The records ->

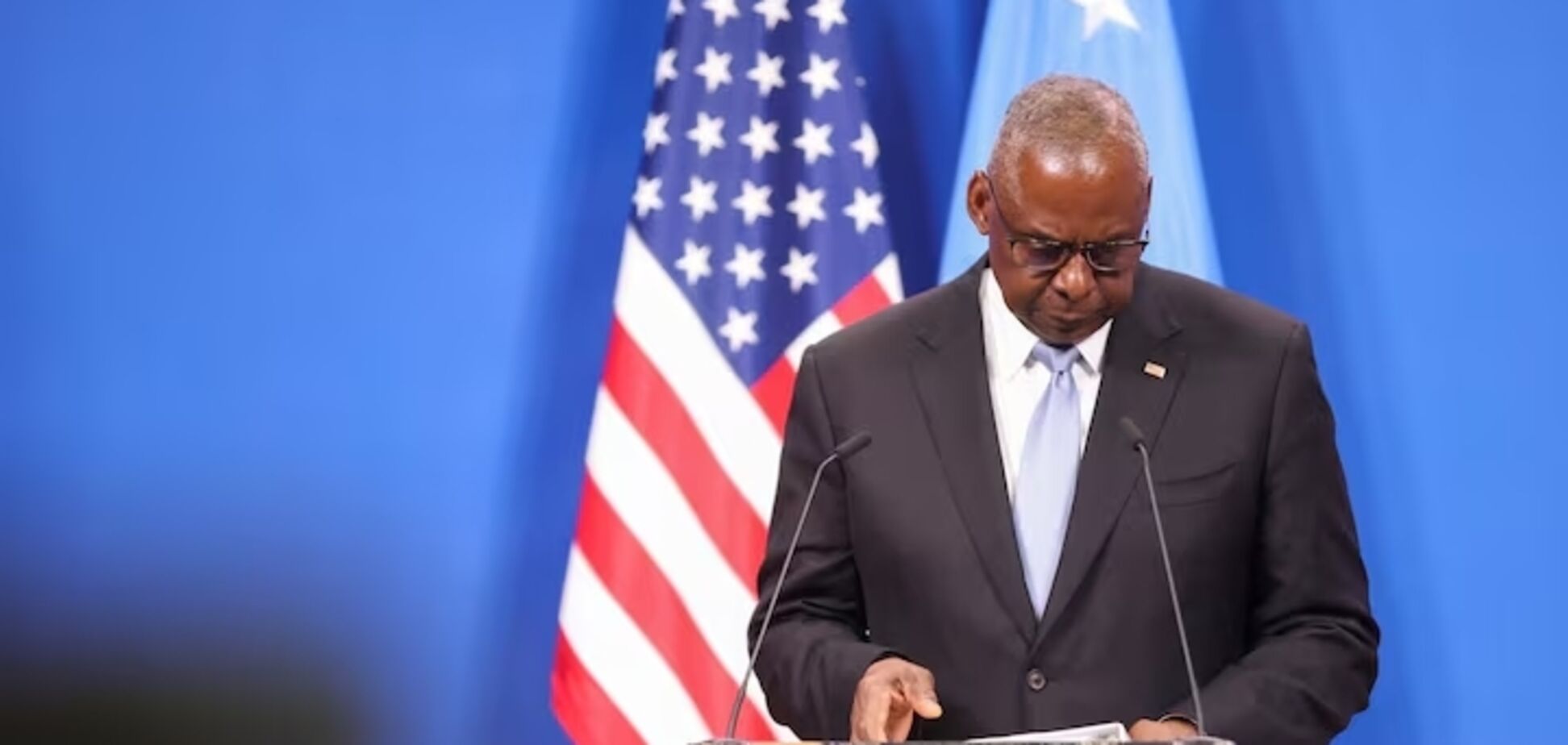 Остін: лінія фронту стабілізувалася після дозволу партнерів бити їхньою зброєю по РФ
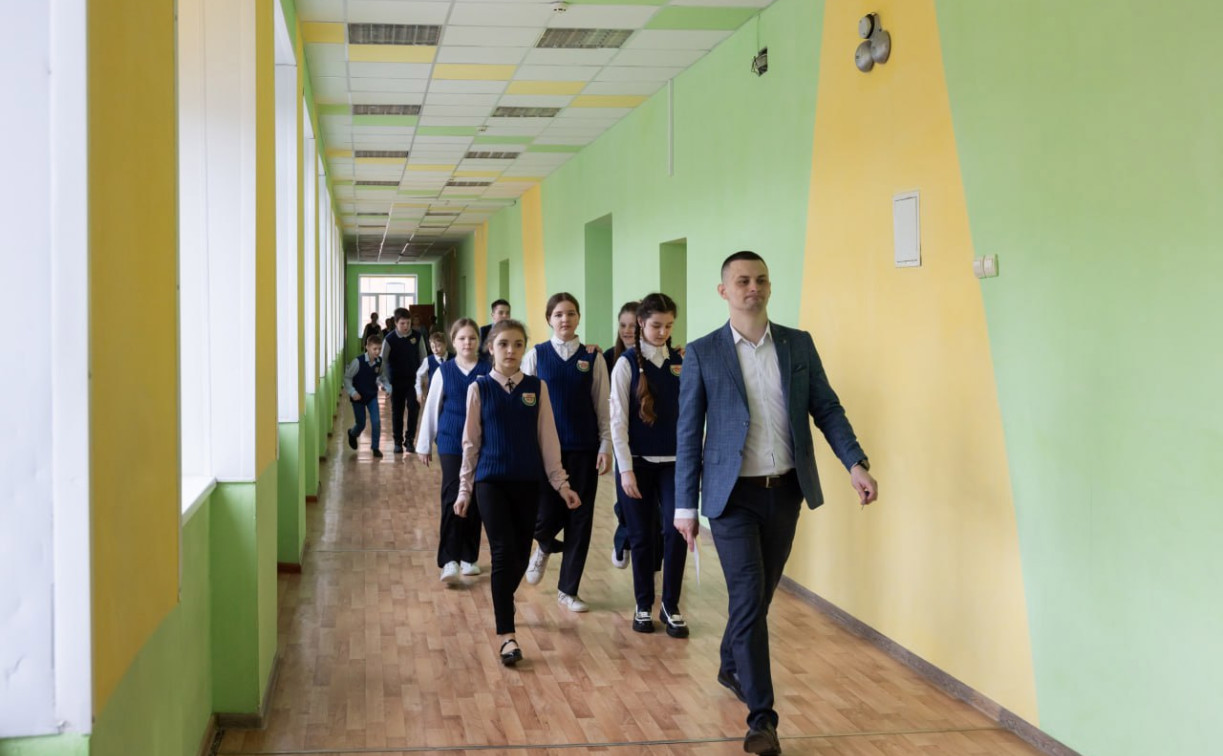 В Тульской области школьные звонки в марте заменят произведения Глинки, Чайковского и Бородина 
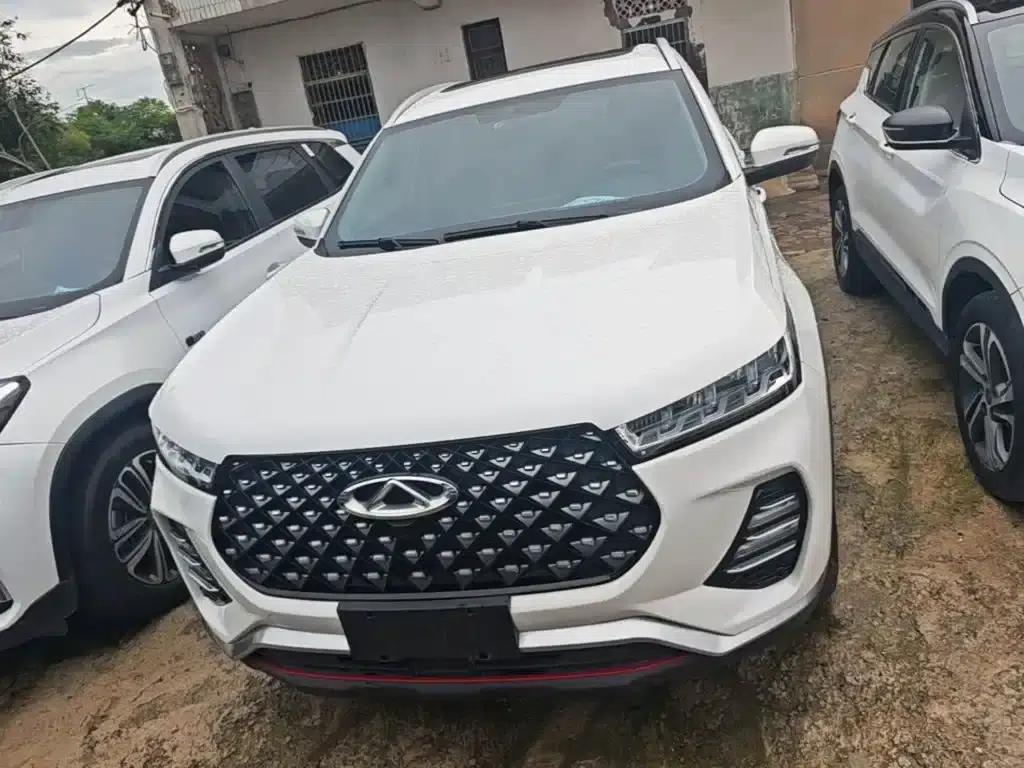 Chery Tiggo 7 2020 1.5T CVT Elite — миниатюра 3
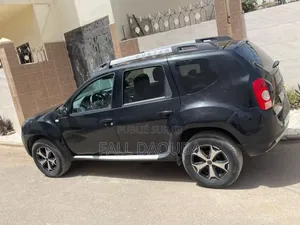 Dacia Duster 2017 Noir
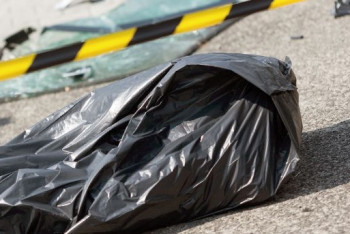 Фотография к новости: Пакет с расчленённым трупом нашли в микрорайоне Шымкента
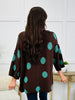 Chocolate Mint Sweater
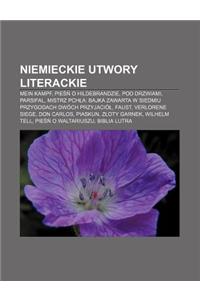 Niemieckie Utwory Literackie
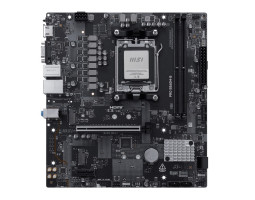 Материнська плата AM5 MSI PRO B840M-B, MicroATX-foto3
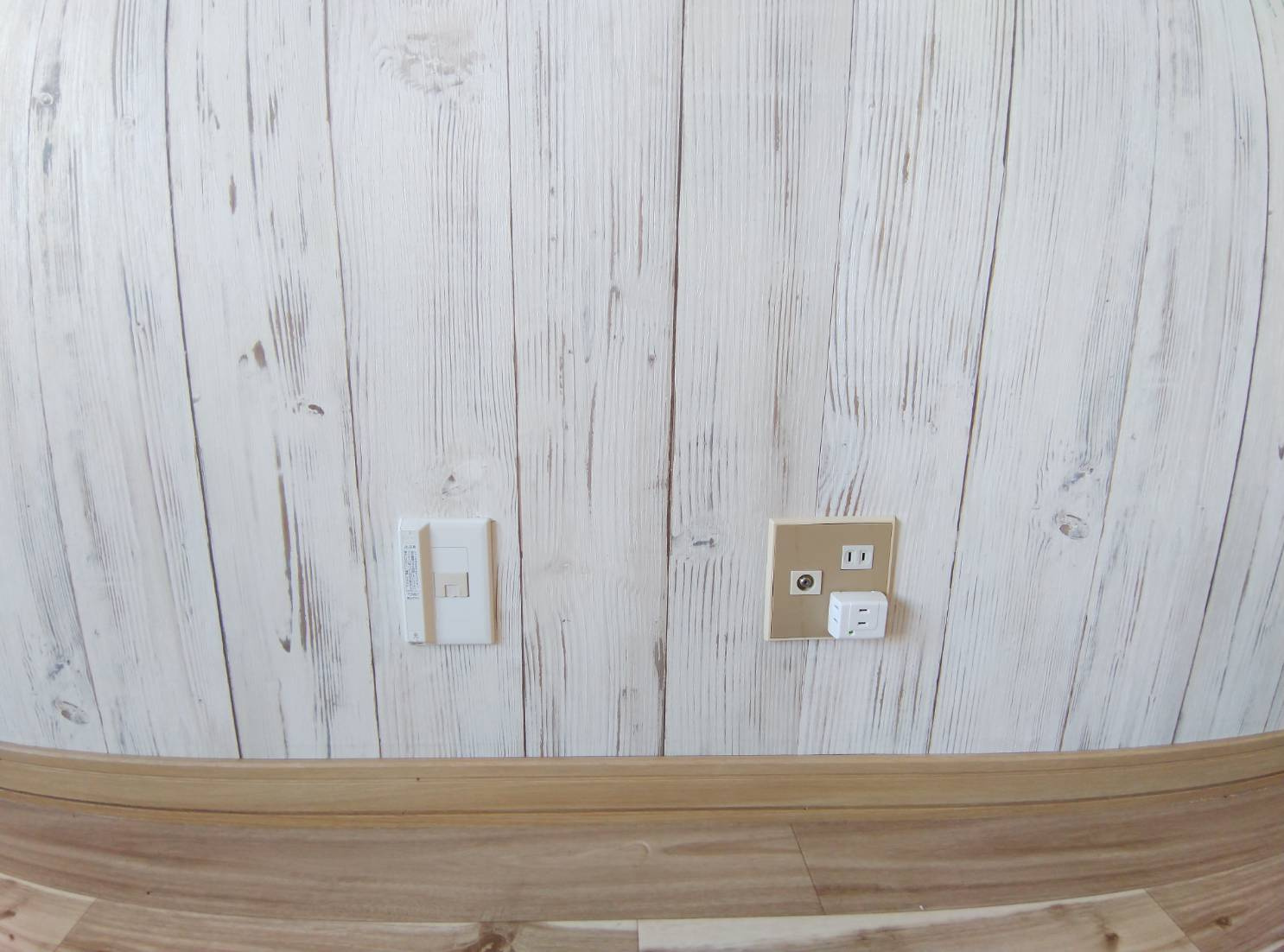 ハイツリバーサイドのトイレ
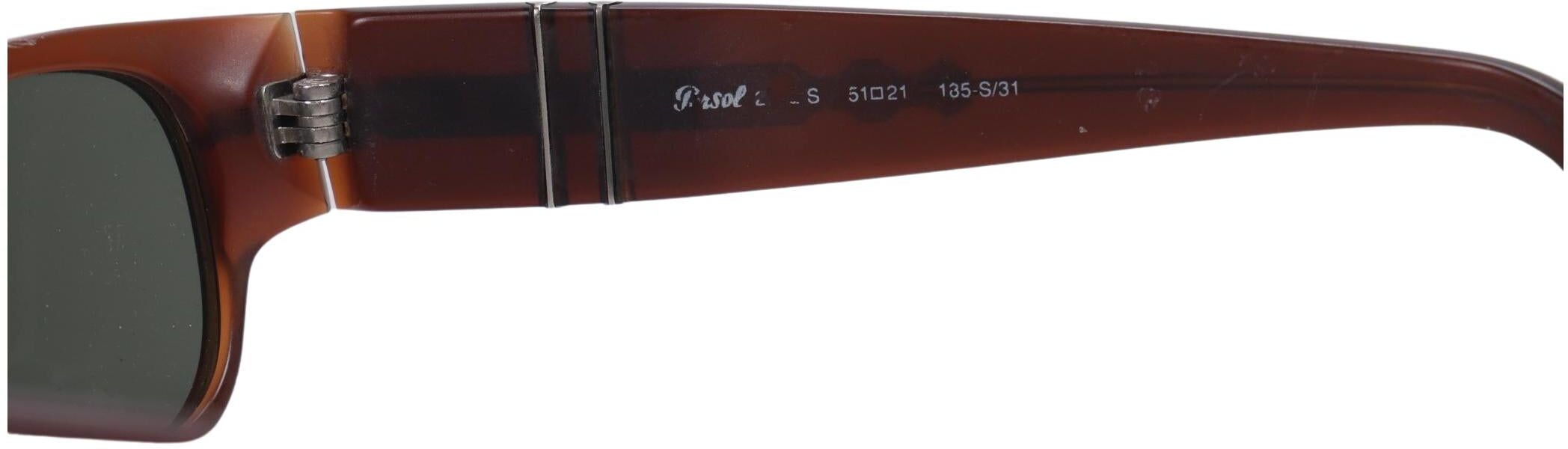 Persol Damen Sonnenbrille, Braun - Second Hand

Task statement ->
Leaving every picture aside, transcribe exactly the lines from the one that contains "Niemieckie Utwory Literackie" through the final line of the listing above, inclusive.

Exercise answer ->
 Niemieckie Utwory Literackie
 Материнська плата AM5 MSI PRO B840M-B, MicroATX-foto3
 ハイツリバーサイドのトイレ
 Persol Damen Sonnenbrille, Braun - Second Hand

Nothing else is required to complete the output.